The $20million EPSCoR grant the University of Wyoming received in July was exactly the opportunity Dr. Holbrook was looking for to reinvent his research interests. The grant is focused on understanding near-surface and subsurface geology in Wyoming in order to determine the path water takes from the moment it lands on the ground until it ends up in streams, reservoirs and lakes.
“I like taking undergraduate students out on cruises but I only have a cruise every three years, it’s really expensive and I could only take three or four students out,” Dr. Holbrook says. “I wasn’t reaching a lot of students that way. This way, with near surface geology and the EPSCoR grant, it’s so easy. Now we have equipment, we have all these study areas right next door and Wyoming has important scientific issues concerning water that matter to people.”
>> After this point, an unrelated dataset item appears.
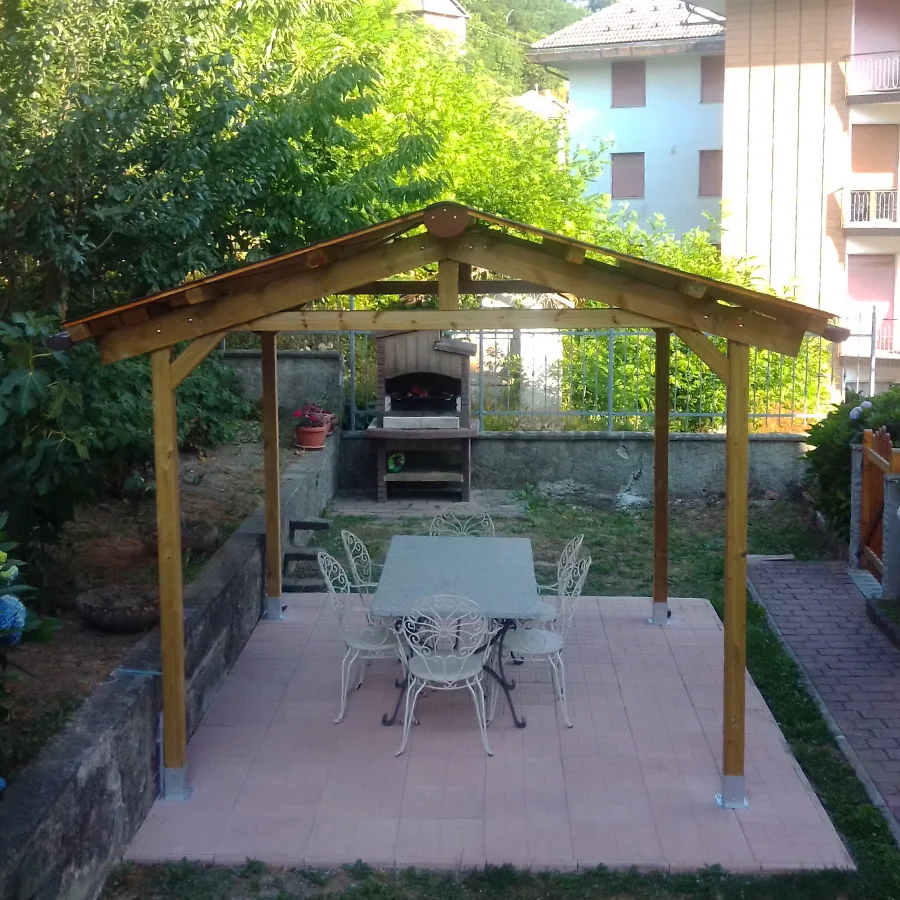 Onlywood Gazebo in Legno impregnato TIP 4 x 4,8 Tetto Antivento - Personalizzabile-48204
Understanding how and where water ends up has important ramifications for water use in Wyoming and the surrounding states for which Wyoming is the headwater region. The water system is complex, however, and creating a clear picture of the system requires the collaboration of multiple scientific fields.
"The project is fun because it’s interdisciplinary,” Dr. Holbrook says. “I’m working with people that I had never met before we started this project and they’re all from different disciplines. Now we’re working together closely and I have to stretch myself. I have to think about ecology, plant physiology, evapotranspiration and things that I have very little idea about, but I’m learning and that’s fun!”
The collaborative aspect of the project is essential, because the research conducted by Dr. Holbrook and the scientists on the grant will complete a more complete picture of each research site.
“One of the most fascinating parts of the project so far is trying to decide on our focus sites,” Dr. Holbrook says. “We’re taking field trips as a team to determine each site. We have people from three different colleges and six different departments out in the field together. When we get to a site, we all get out and take turns describing what we see. Everybody sees something different.”
Dr. Holbrook, for instance, notices the geology, the outcrops of rock and what that might mean for the subsurface. Once the scientists decide on the site, Dr. Holbrook will use geophysical techniques to study the near-surface, or upper 100-200 meters beneath the ground.
“That’s deeper than you could dig a ditch, which is why you need geophysics,” Dr. Holbrook says. “The only way to figure out what is going on at those depths is to drill a hole, which is expensive and only tells you about what’s happening right at that one diameter, or you can use geophysics which gives you a larger picture of the area. Ideally, you do both.”
The collaborative nature of the project and the focus on geophysics will provide great opportunities for students at UW, especially because all of the equipment for the project is portable. The mobility of the equipment ensures that it can be used across the state at various research sites and that it is accessible to many people.
“It’s good for the students,” Dr. Holbrook says. “The equipment for the project will be heavily used for both education and research. We’re going to use this equipment to get undergraduate students exposed to geophysics earlier and we’re going to develop a new summer field course that brings together hydrology, geophysics and ecology.”
Not only will the WyCEHG equipment be used by students in the classroom, it will also be used by students working on the grant. Over the five year duration of the grant, between twenty and thirty graduate students will be supported along with twelve post-doctoral students and seventy to eighty undergraduates. The projects that students will work on are still being decided. Student involvement on the project is key to the grant. It will expose students to the collaborative, interdisciplinary aspect of science, and to the varied fields that are concerned with water and the environment.
“That’s a connection we’d really like to make,” Dr. Holbrook says.
Time flies when you’re having fun, and it has flown. The proposal for WyCEHG was sent to the National Science Foundation (NSF) less than a year ago. Seven months later, UW had $20 million to work with. At times for Dr. Holbrook, it’s hard to believe that all of this is real.
"I’m really still in the pinching-myself phase. I can’t believe it’s only been fifteen months since I started on the proposal and here we have a project really getting started,” Dr. Holbrook says. “It really feels like something that’s going to matter. We’re going to set something up that’s going to last.”